Third, as Brian Mittendorf points out in the comments above, the growth in donor-advised funds has not translated into growth in overall giving. Mr. Shakely and others would have us believe that donor-advised funds are increasing the philanthropic pie, but there is no evidence of that. Overall charitable giving as a percentage of disposable personal income has remained virtually unchanged since the late 1970s, according to Giving USA. So if more of that giving is going into donor-advised funds, it must not be going somewhere else. Admittedly, some of those dollars might otherwise have gone into private foundations. But it is not as though giving to foundations has dried up: donations to foundations have remained steady in recent years, at about 11 percent of total giving.
The conclusion I reach, and which has not been refuted in any intellectually coherent way, is that money that otherwise would have gone to charitable institutions that provide actual services is now instead flooding into donor-advised funds. Gifts that might have supported soup kitchens, Boys and Girls Clubs, schools, museums, and medical research are instead piling up in investment accounts. (Mr. Shakely mocks my use of the term “warehousing.” Sorry—but that’s what it is. And by the most recent measure, the DAF warehouse holds nearly $54 billion.)
Where I agree with Mr. Shakely is that there is now a vast army of people with a vested interest in promoting this particular and peculiar form of charitable giving. These are the financial advisors and other employees and leaders of the financial services industry, who draw management fees from money invested in commercial donor advised funds. The donors’ financial advisors have a personal financial stake in convincing their clients to give to commercial donor-advised funds, rather than to actual charitable organizations providing mission impact. Moreover, the incentive of the financial services industry and its employees is to have those funds continue to sit in the donor-advised funds for as long as possible, generating fees year after year.
Mr. Shakely sees the involvement of Wall Street and the introduction of its culture of incentives as a positive development for the nonprofit world. I could not disagree more. Wall Street is an invasive species in the charitable eco-system, fundamentally altering expectations, motivations, and relationships. Indeed, if there’s a bump in the night that terrifies me, it’s the takeover of the charitable sector by the financial services industry. At a time of increased demand for services and reductions in government funding, the last thing the nonprofit sector needs are the Wall Street ghoulies and ghosties swooping in for an ever-bigger piece of the action.
Donor-advised funds are most assuredly NOT philanthropic warehouses. There is absolutely no evidence of that. The National Philanthropic Trust research that shows that donor-advised funds contribute three times as much to charity as do private foundations as a percent of assets is evidence that the “warehousing” label is pure fiction.

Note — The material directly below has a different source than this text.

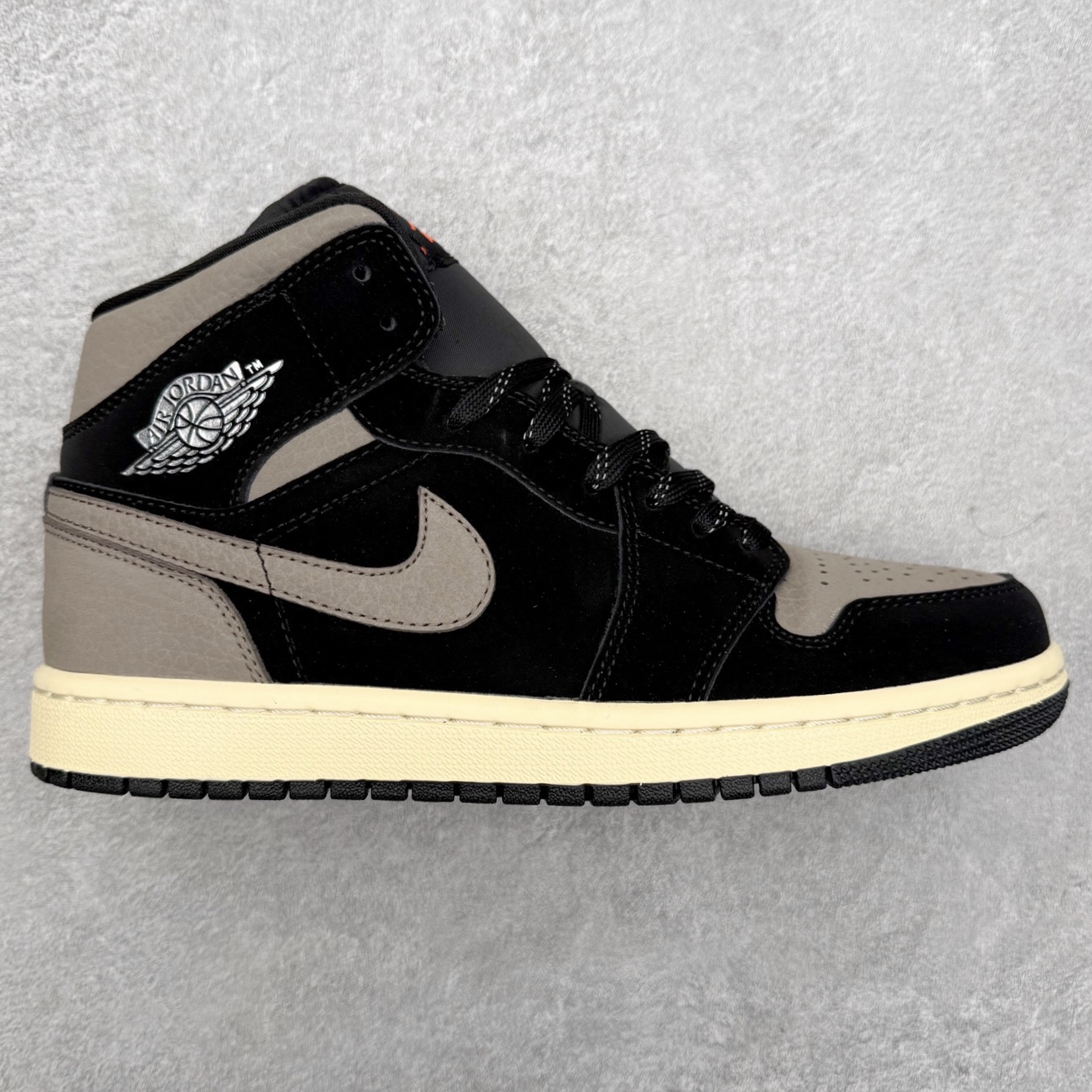 ＃K版 Air Jordan AJ1 Mid 中帮 IB7110-002 原厂内置全掌气垫 A模大底 头层小牛皮 鞋舌AJ原厂专用牛津布+AJ专用反口珍珠布+原厂无杂质高弹内里海棉 特殊封边弹力鞋带 全网唯一头层牛皮 原鞋开模 拒绝公底 购置公司同步原材料 原汁原味 忠于原版‼️尺码：36 36.5 37.5 38 38.5 39 40 40.5 41 42 42.5 43 44 44.5 45 46 47.5-选品中心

Here is why Mr. Cantor’s fears will never be realized: when a person contributes money to a donor-advised fund, that money is forever dedicated to providing gifts and grants to tax-exempt charities. The donor may never retrieve the money nor may it be spent for anything other than charitable purposes. All of us have philanthropic obligations and wishes, and because donor-advised may be used only for charitable purposes, a donor is likely to recommend contributions out of that philanthropic pool first, rather than last.
Yes, it’s true that on average donor-advised funds distribute significantly more than private foundations. But using private foundations as the measure distorts the perspective. Private foundations, which are held to a 5 percent distribution minimum, are singularly inefficient and ineffective at meeting the needs of the community. The 5 percent distribution from private foundations a) is far too low for societal good, and b) clearly sets up foundations to be perpetual entities.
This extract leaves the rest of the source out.